Pertanyaan kunci seperti : Siapa
yang Anda layani? Sungguh tidak dengan mudah untuk mereka jawab dan harus
diberikan waktu dan bahkan harus “dikawal” secara khusus untuk mampu
mendefinisikan siapa customer Anda. Sesi
“bedah peran pemimpin” sungguh menjadi hal yang fundamental dan tidak bisa
sekadar dijelaskan dengan model ceramah, tetapi harus dengan experiental
learning (belajar dengan mengalami) yang berbasis kepada pembangkitan nilai
(value based training), karena tanpa itu sulit bagi seorang Coach untuk
mendorong peserta menemukan jalan mandiri yang tepat.

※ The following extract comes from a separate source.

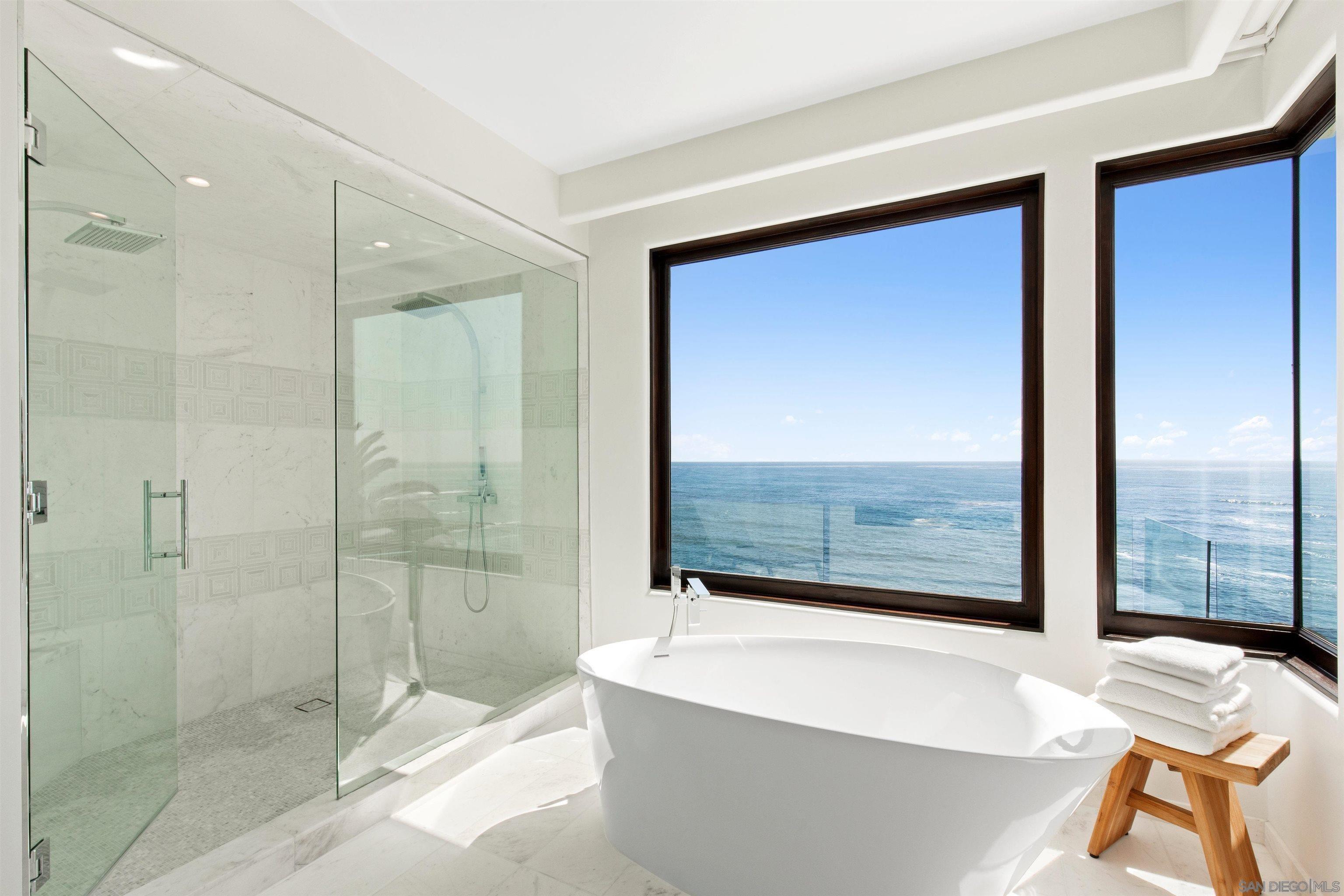 Detail Gallery Image 7 of 21 For 5850  Camino De La Costa, La Jolla,  CA 92037 - 4 Beds | 4/1 Baths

Seorang pejabat yang bertanggungjawab mengelola
layanan umum menjadi salah satu peserta bimbingan dalam saya menjalankan
penugasan sebagai Coach. Seorang anak
muda yang smart, berlatar pendidikan
sarjana teknik dan memliki pengalaman
yang cukup sebagai pemeriksa, serta masih mampu memelihara rasa haus untuk
belajar dan berkarya, sehingga tidaklah sulit bagi saya dan tentunya bagi yang
bersangkutan untuk menemukan jalan terang-nya.
Pergulatan selama ini sebagai pemeriksa tinggal direfleksikan kembali
dari sisi customer ketika menduduki
peran baru sebagai pejabat.
Keberpihakan kepada pemeriksa karena proses mengalami
sendiri membuat dia memiliki salah satu believe
(kepercayaan) bahwa organisasi akan dapat fit jika performance pemeriksa optimum.
Dan hal ini antara lain membutuhkan dukungan alat kerja yang cukup dan mumpuni. Sehingga dengan segera yang bersangkutan
merumuskan prioritas permasalahan penyediaan alat kerja sebagai solusi yang
ditawarkan. Sampai dengan titik ini saya
mengapresiasi rencana cepat yang dipilih.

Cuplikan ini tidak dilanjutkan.